Defining string highlighting for a language without an escape symbol

Defining string highlighting for a language without an escape symbol

5
NewbieNewbie
5

    Apr 01, 2010#1

    Hi All,

    I just installed UltraEdit and started building language support for Stata, it's an interpreted language that has some similarities with c-type languages but lot's of differences making syntax highlighting tricky, I've tried many editors with varying success but still looking for the 'perfect' one (I guess that's how I got to UE) ...

    So, in Stata here are a) simple strings - "this is a simple string" that are enclosed in double quotes; and b) strings containing " character that are surrounded in so called compound double quotes - `"this is a string that contains " symbol"'

    Double quotes are symmetric both open and close quotes are the same " symbol (ascii 34);
    Compound double quotes open with ` (ascii 96) + double quote, and close with double quote + single quote (ascii 39)

    So as long as the string is in the compound double quotes it can contain any number of (unbalanced) " symbols. In addition, compound double quotes can be nested, so I can have something like:

    `"`"this is the first string"' `"this is the second one"'"' ...

    I kind of figured making this work with just a wordfile parameters won't work (but would love to be wrong) the question is, can it be done with any other means? I really like ultraedit and write almost exclusively in Stata so building good suport for the language (even if this will involve need for many custom scripts) is important to me.

    I will appreciate any advice you might have.
    Thanks,
    Zura

    6,602548
    Grand MasterGrand Master
    6,602548

      Apr 01, 2010#2

      My first approach to highlight your strings correct was to use in the first line of the wordfile String Chars = " DisableMLS and additionally

      /Marker Characters = "`'"
      /C1"Compound quoted strings"

      `'

      But that produced a wrong result for your last example with the nested strings.

      So I thought about making all string highlightings with marker characters by replacing String Chars = " DisableMLS in the first line of the wordfile by Noquote and using following:

      /Marker Characters = "`'"""
      /C1"Strings"

      ""
      `'

      That worked better, but did not highlight "' at end of your nested string example. But " and ' are listed also on the line starting with /Delimiters = and therefore I simply added two more lines to color group one.

      /Marker Characters = "`'"""
      /C1"Strings"

      " ""
      '
      `'

      Now the highlighting was correct, although to be honest the nested string is not really correct interpreted. Last just for interest I finally used 2 color groups for the 2 marker string pairs.

      /Marker Characters = "`'"""
      /C1"Double quoted strings"

      " ""
      /C2"Compound quoted strings"
      '
      `'

      That shows also that the nested string example is not really correct highlighted. Also putting something between the 2 nested strings like when using

      `"`"this is the first string"' and `"this is the second one'"'

      it shows that the solution I found is not really working because and is not highlighted with one of that two colors.

      But than I had a strange idea.
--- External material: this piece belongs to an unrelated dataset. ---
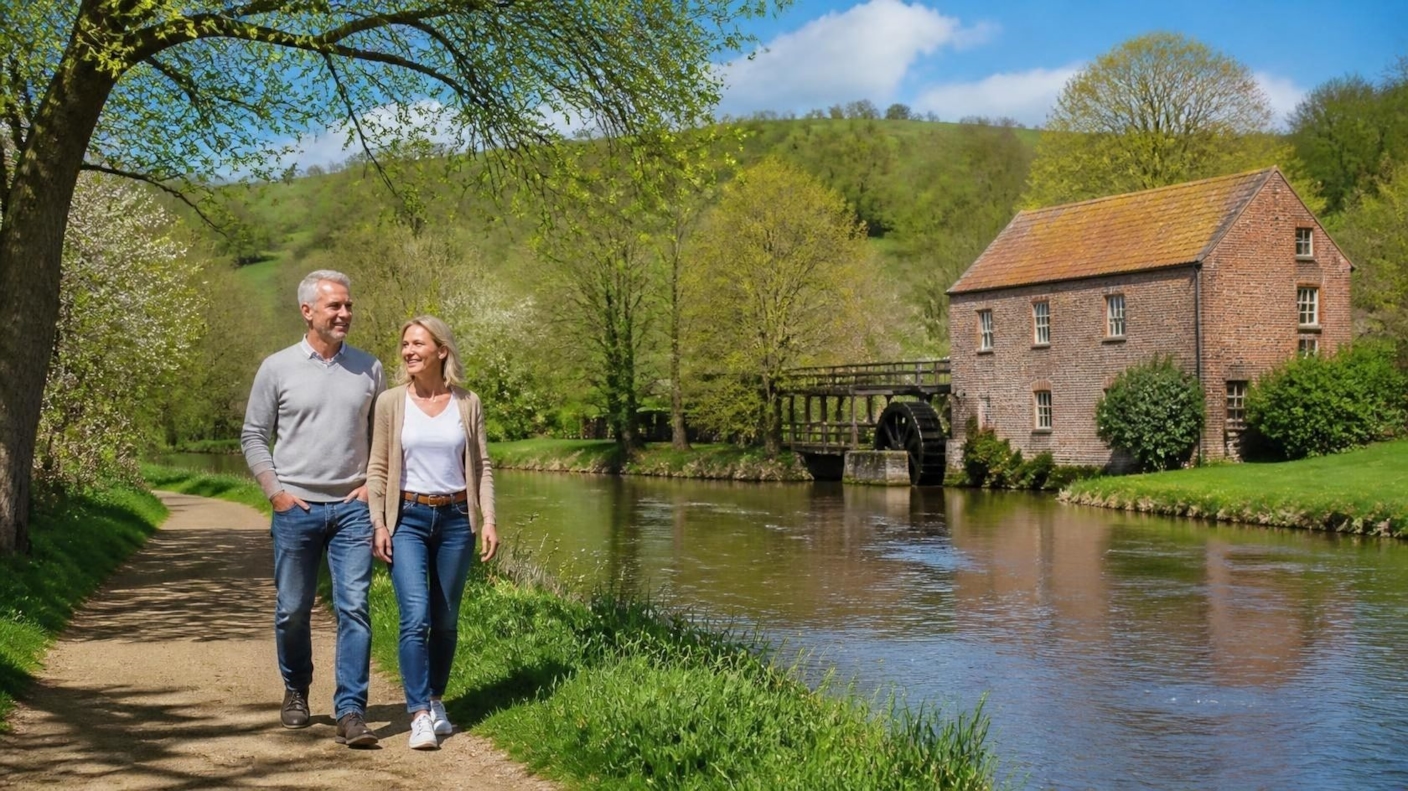 A couple walking along a riverside path past an old red-brick watermill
Instead of using marker characters to highlight strings using compound quotes what happens when using the block comment feature because nesting of block comments is possible. So I deleted all the definitions listed above and used following in the first line of the wordfile:

      Block Comment On = ` Block Comment Off = ' NestBlockComments String Chars = "
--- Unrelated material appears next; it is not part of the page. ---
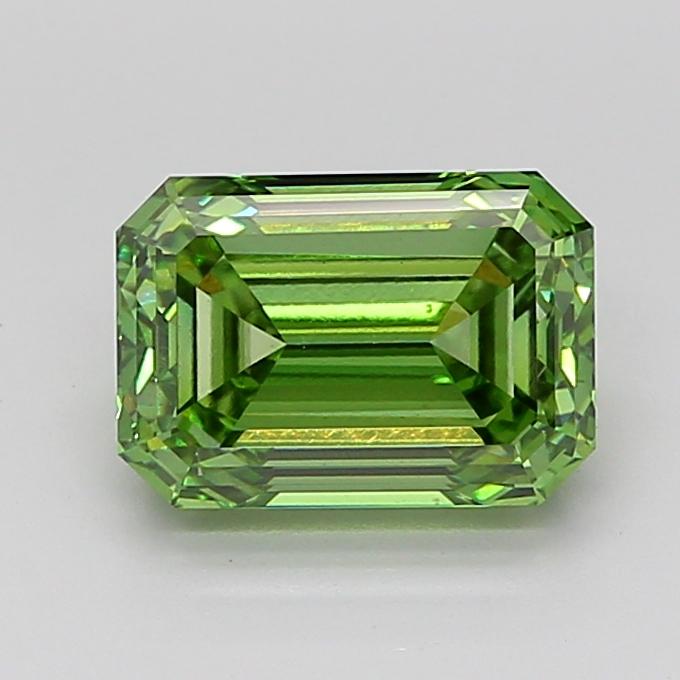 3.01 Ct. Fancy Vivid Green Emerald Lab Grown Diamond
      Strange definition, but working wonderful as long as ` and ' are not used anywhere else outside a string definition.

      Well, better would be to use

      Block Comment On Alt = ` Block Comment Off Alt = ' NestBlockComments String Chars = "

      because for the alternate block comment a color could be set different than the color for line and block comments. But this did not produce the same result which is probably a bug of UltraEdit with nested block comments. I will report this issue to IDM.
      Best regards from an UC/UE/UES for Windows user from Austria

      5
      NewbieNewbie
      5

        Apr 02, 2010#3

        Hi Mofi,

        Great idea! I've tried all those different options of defining markers etc but never thought of using block comments for this :)

        One thing though, `' symbols are used elsewhere too; Stata language has the concept of a -macro- kind of variables in the program. A macro has a name and
        contents; Everywhere a punctuated macro name appears in a code - macro contents are substituted for the macro name.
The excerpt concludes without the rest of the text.